> **Dataset**
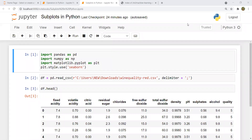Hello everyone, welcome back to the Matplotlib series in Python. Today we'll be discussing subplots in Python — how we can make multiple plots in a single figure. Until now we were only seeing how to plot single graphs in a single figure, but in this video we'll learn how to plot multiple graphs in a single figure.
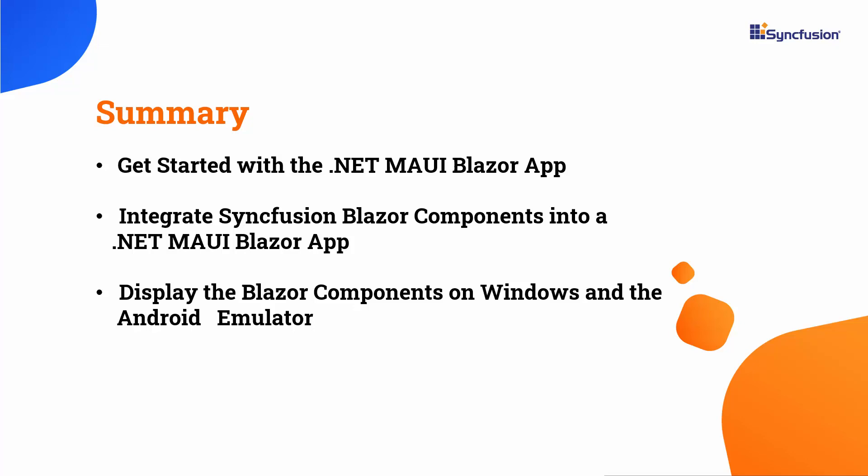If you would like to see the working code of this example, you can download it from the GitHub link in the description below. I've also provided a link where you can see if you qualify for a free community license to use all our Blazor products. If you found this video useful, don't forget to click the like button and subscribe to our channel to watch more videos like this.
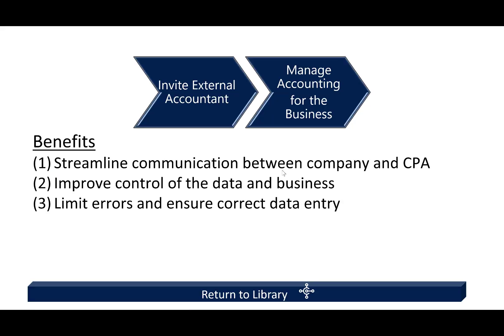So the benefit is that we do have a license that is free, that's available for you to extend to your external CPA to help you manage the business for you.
...
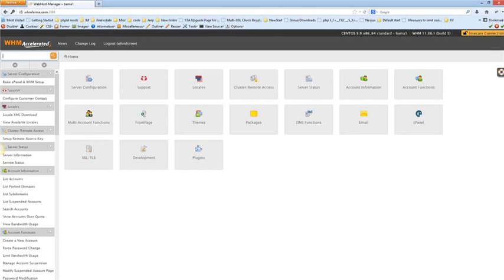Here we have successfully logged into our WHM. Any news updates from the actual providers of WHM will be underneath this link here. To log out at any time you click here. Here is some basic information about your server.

> **Work order**
Working from the entries above, reproduce exactly and only the lines beginning with the line that has "Hello everyone, welcome" and ending with the line that has "If you would"; omit all pictures.

> **Answer below**
Hello everyone, welcome back to the Matplotlib series in Python. Today we'll be discussing subplots in Python — how we can make multiple plots in a single figure. Until now we were only seeing how to plot single graphs in a single figure, but in this video we'll learn how to plot multiple graphs in a single figure.
If you would like to see the working code of this example, you can download it from the GitHub link in the description below. I've also provided a link where you can see if you qualify for a free community license to use all our Blazor products. If you found this video useful, don't forget to click the like button and subscribe to our channel to watch more videos like this.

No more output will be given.